_Activity_. Repeat every entry exactly. Do not include the pictures.

_Supplied data_.
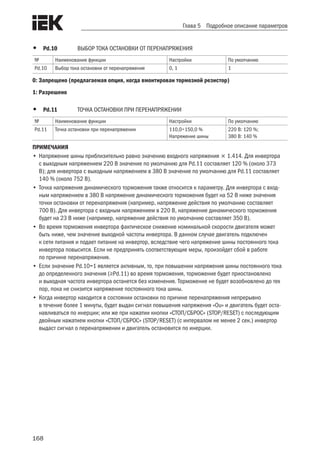 168
Глава 5 Подробное описание параметров
•	 Pd.10	 ВЫБОР ТОКА ОСТАНОВКИ ОТ ПЕРЕНАПРЯЖЕНИЯ
№ Наименование функции Настройки По умолчанию
Pd.10 Выбор тока остановки от перенапряжения 0, 1 1
0: Запрещено (предлагаемая опция, когда вмонтирован тормозной резистор)
1: Разрешено
•	 Pd.11	 ТОЧКА ОСТАНОВКИ ПРИ ПЕРЕНАПРЯЖЕНИИ
№ Наименование функции Настройки По умолчанию
Pd.11 Точка остановки при перенапряжении 110,0÷150,0 %
Напряжение шины
220 В: 120 %;
380 В: 140 %
ПРИМЕЧАНИЯ
•	Напряжение шины приблизительно равно значению входного напряжения  1.414. Для инвертора
с выходным напряжением 220 В значение по умолчанию для Pd.11 составляет 120 % (около 373
В); для инвертора с выходным напряжением в 380 В значение по умолчанию для Pd.11 составляет
140 % (около 752 В).
•	Точка напряжения динамического торможения также относится к параметру. Для инвертора с вход-
ным напряжением в 380 В напряжение динамического торможения будет на 52 В ниже значения
точки остановки от перенапряжения (например, напряжение действия по умолчанию составляет
700 В). Для инвертора с входным напряжением в 220 В, напряжение динамического торможения
будет на 23 В ниже (например, напряжение действия по умолчанию составляет 350 В).
•	Во время торможения инвертора фактическое снижение номинальной скорости двигателя может
быть ниже, чем значение выходной частоты инвертора. В данном случае двигатель подключен
к сети питания и подает питание на инвертор, вследствие чего напряжение шины постоянного тока
инвертора повысится. Если не предпринять соответствующие меры, произойдет сбой в работе
по причине перенапряжения.
•	Если значение Pd.10=1 является активным, то, при повышении напряжения шины постоянного тока
до определенного значения (≥Pd.11) во время торможения, торможение будет приостановлено
и выходная частота инвертора останется без изменения. Торможение не будет возобновлено до тех
пор, пока не снизится напряжение постоянного тока шины.
•	Когда инвертор находится в состоянии остановки по причине перенапряжения непрерывно
в течение более 1 минуты, будет выдан сигнал повышения напряжения «Ou» и двигатель будет оста-
навливаться по инерции; или же при нажатии кнопки «СТОП/СБРОС» (STOP/RESET) с последующим
двойным нажатием кнопки «СТОП/СБРОС» (STOP/RESET) (с интервалом не менее 2 сек.) инвертор
выдаст сигнал о перенапряжении и двигатель остановится по инерции.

_Exercise result_.
 168
Глава 5 Подробное описание параметров
•	 Pd.10	 ВЫБОР ТОКА ОСТАНОВКИ ОТ ПЕРЕНАПРЯЖЕНИЯ
№ Наименование функции Настройки По умолчанию
Pd.10 Выбор тока остановки от перенапряжения 0, 1 1
0: Запрещено (предлагаемая опция, когда вмонтирован тормозной резистор)
1: Разрешено
•	 Pd.11	 ТОЧКА ОСТАНОВКИ ПРИ ПЕРЕНАПРЯЖЕНИИ
№ Наименование функции Настройки По умолчанию
Pd.11 Точка остановки при перенапряжении 110,0÷150,0 %
Напряжение шины
220 В: 120 %;
380 В: 140 %
ПРИМЕЧАНИЯ
•	Напряжение шины приблизительно равно значению входного напряжения  1.414. Для инвертора
с выходным напряжением 220 В значение по умолчанию для Pd.11 составляет 120 % (около 373
В); для инвертора с выходным напряжением в 380 В значение по умолчанию для Pd.11 составляет
140 % (около 752 В).
•	Точка напряжения динамического торможения также относится к параметру. Для инвертора с вход-
ным напряжением в 380 В напряжение динамического торможения будет на 52 В ниже значения
точки остановки от перенапряжения (например, напряжение действия по умолчанию составляет
700 В). Для инвертора с входным напряжением в 220 В, напряжение динамического торможения
будет на 23 В ниже (например, напряжение действия по умолчанию составляет 350 В).
•	Во время торможения инвертора фактическое снижение номинальной скорости двигателя может
быть ниже, чем значение выходной частоты инвертора. В данном случае двигатель подключен
к сети питания и подает питание на инвертор, вследствие чего напряжение шины постоянного тока
инвертора повысится. Если не предпринять соответствующие меры, произойдет сбой в работе
по причине перенапряжения.
•	Если значение Pd.10=1 является активным, то, при повышении напряжения шины постоянного тока
до определенного значения (≥Pd.11) во время торможения, торможение будет приостановлено
и выходная частота инвертора останется без изменения. Торможение не будет возобновлено до тех
пор, пока не снизится напряжение постоянного тока шины.
•	Когда инвертор находится в состоянии остановки по причине перенапряжения непрерывно
в течение более 1 минуты, будет выдан сигнал повышения напряжения «Ou» и двигатель будет оста-
навливаться по инерции; или же при нажатии кнопки «СТОП/СБРОС» (STOP/RESET) с последующим
двойным нажатием кнопки «СТОП/СБРОС» (STOP/RESET) (с интервалом не менее 2 сек.) инвертор
выдаст сигнал о перенапряжении и двигатель остановится по инерции.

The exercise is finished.